Faire vivre la langue, c’est ce que réussit brillamment Christian Prigent dans Les Amours Chino. Le poète fait de son matériau une véritable matière vivante et mouvante. Rien ne se fige dans Les Amours Chino, et surtout pas le sens. Si Chino se perd dans les corps des femmes, il sait aussi s’en défaire ainsi, dans le chapitre « Chino palinodique » poème n°12 « idem, palinodie » « Meurs: assez du brouhaha gaga ! ». Si l’on entend un mot dans un vers c’est pour mieux en faire surgir un autre, comme dans le poème n°4 de « Chino et ses petites amoureuses », « 1962, Contre Rousseau » : « Naisse pas un pneu raplaplat côté ro/ Ploplo ». Contre Rousseau, et contre ce que Michaux appelait la « glu » du langage, Christian Prigent écrit des amours qui se métamorphosent au fil des mots ou qui plutôt « s’anamorphosent » : « Si chaud si chaud si liquide on sue / Hâve avant que vienne aucun des vents / (…)/ Suavement comme ce mou / ventile seul les mouvements sous ». Ce travail de déformation des mots qui joue avec le bizarre fait du poète un de ces « grands anamorphoseurs » cités dans un de ses essais intitulé Aux grands anamorphoseurs.
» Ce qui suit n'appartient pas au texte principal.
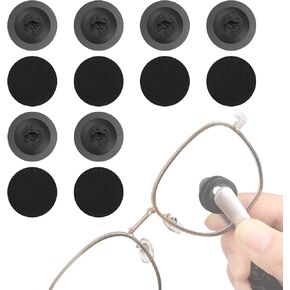 6 Pairs Eyeglass Cleaner Replacement Pads for Peeps CarbonKlean, Circle Lens Cleaner Brush Pad Tool, Eye Glasses Cleaning Brush Pad for Fingerprint, Debris Removal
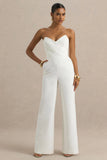 Dainty White Sweetheart Jumpsuit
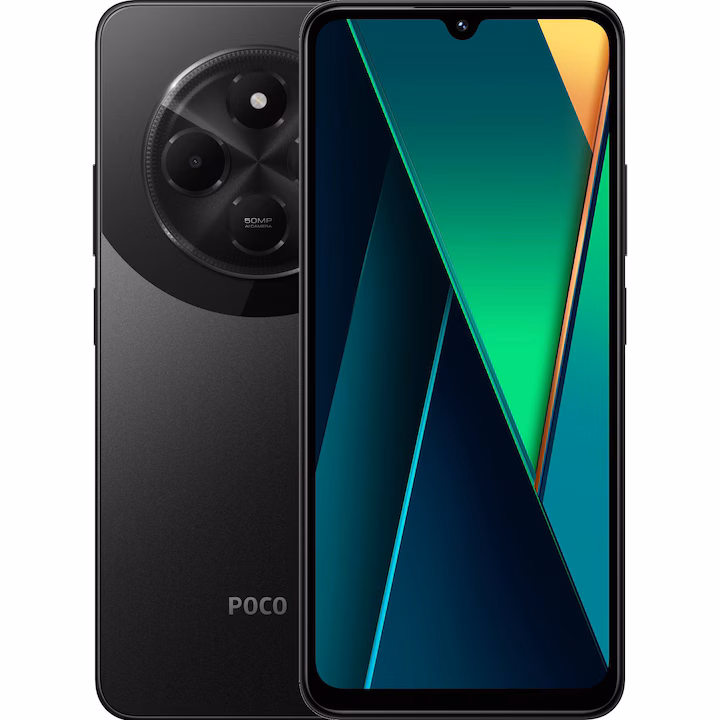 Telefon mobil POCO C75, 8GB/256GB Black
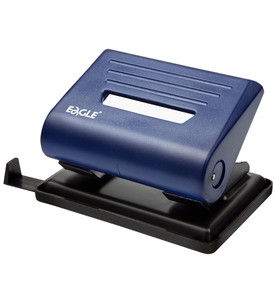 Hole Puncher 2-Hole Punch, 25 Sheets, 5.5mm, blue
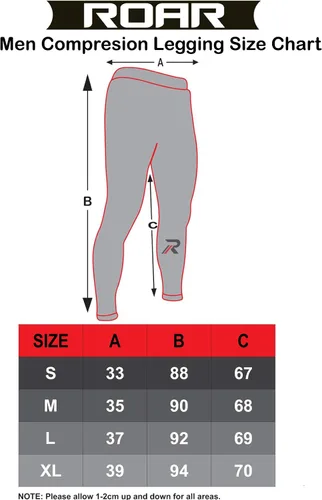 Vista 4 de Roar MMA - Pantalones de compresión para gimnasio y entrenamiento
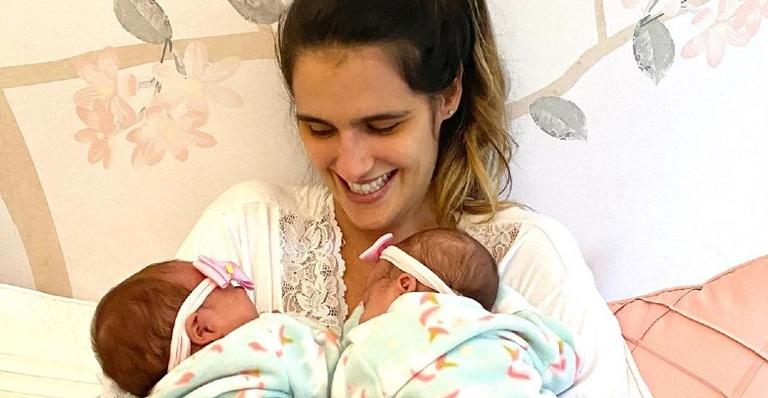 Mãe de gêmeas recém-nascidas, Marcella Fogaça relata dia difícil: ”Senti minha energia no limite”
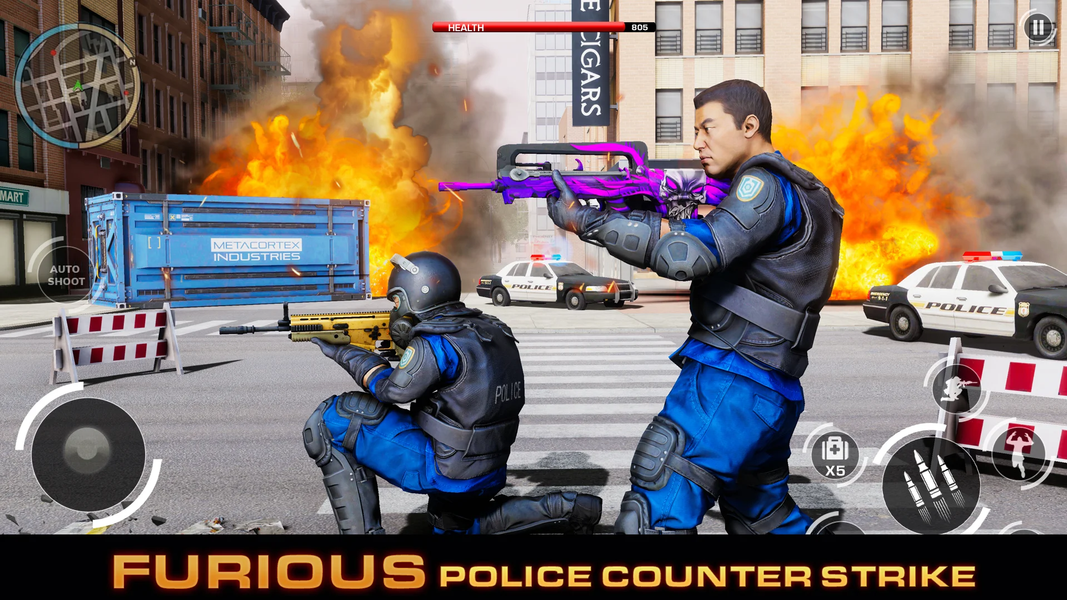 Police Shooting: FPS Gun Games - عکس بازی موبایلی اندروید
À l’instar de Théophile de Viau, E.E Cummings mais aussi Pollock ou Cézanne, Christian Prigent travaille le langage et l’image dans un « geste anamorphoseur » étourdissant.
La langue se meut, le réel se transforme, et c’est étrange et drôle à la fois : « Nausicaa osa si gaga poser / Un caca furtif dans la jeune affineuse / de cul oise ». Nausicaa, la déesse, se prête avec légèreté aux jeux de langage, offrant son corps le plus cru à celui de Chino ivre d’amour. Il est en effet question de corps au cœur de tous ces amours, mais ce que le poète parvient à faire, et c’est là peut-être son geste poétique le plus fort, c’est à faire de la langue même un corps en mouvement. En effet, le travail de la langue se confond avec les mouvements des corps, comme en 2005 dans « un peu de gymnastique » : « Mais l’athlétique extension du torse quand / Dans la torsion rétro des axes les durs / Ombos d’écu de votre buste mur / Rirent vers ces éclats d’œil où moi ten (…) ». Les corps se contorsionnent comme le langage lui même qui se « tord ». La langue redevient ce muscle que le poète façonne tout au long du roman, en même temps qu’il façonne Chino, son corps, et les corps féminins qu’il rencontre. La langue poétique et les corps des personnages ont la même légèreté joyeuse et la même puissance. D’ailleurs, la poésie des Amours Chino appelle avec une évidence rare le corps sensible du lecteur. On sent qu’elle voudrait avant tout être dite et bougée par sa voix et ses gestes pour mieux être comprise.
Dans « 2014, gros plan pré / plage / peau / Proust », le poète écrit « La profondeur c’est la peau moins que la terre ». Si l’on entend Valéry et Proust (« Pensée : soupe d’ « amour remous d’âme / (La Prisonnière ) émue » voici miam / (…) » ), c’est pour mieux sentir les remous et les remuements du langage et des corps. Christian Prigent révèle tout au long de ce roman, l’épaisseur d’une langue nourrie par ailleurs de nombreuses autres langues (du japonais à l’allemand en passant par l’anglais ), d’autres temps ( de l’Antiquité à aujourd’hui ), et d’autres poètes, penseurs, peintres et photographes. Dans Les Amours Chino, cette épaisseur, et c’est là sans doute le plus beau, se meut et se tord sans cesse, au rythme syncopé des amours et de la vie : « ah oui, car l’amour tord la vie » ( « Chino à sa dame », « 1984, ça sent l’être » ).